** Excerpted data follows **
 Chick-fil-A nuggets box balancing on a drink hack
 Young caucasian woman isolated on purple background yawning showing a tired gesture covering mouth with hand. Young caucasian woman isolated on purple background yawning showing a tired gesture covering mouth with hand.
** End of Excerpted data **
** Excerpted data follows **
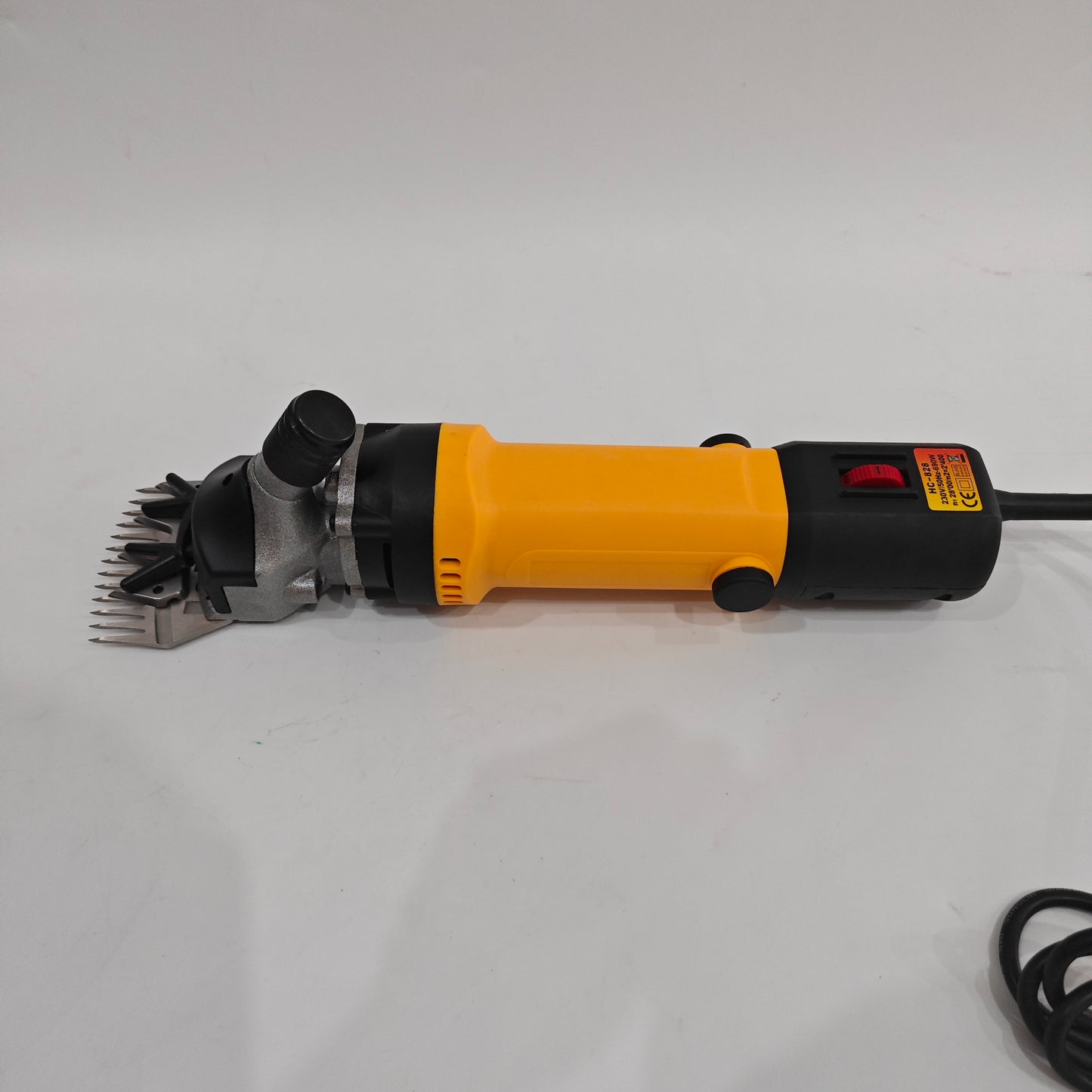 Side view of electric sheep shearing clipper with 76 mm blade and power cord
** End of Excerpted data **
■ What is needed: Reproducing the whole listing above is not the task. Copy exactly only the lines from the one with "Chick-fil-A nuggets box" to the one with "with hand. Young", both kept.

■ Response to the exercise:
 Chick-fil-A nuggets box balancing on a drink hack
 Young caucasian woman isolated on purple background yawning showing a tired gesture covering mouth with hand. Young caucasian woman isolated on purple background yawning showing a tired gesture covering mouth with hand.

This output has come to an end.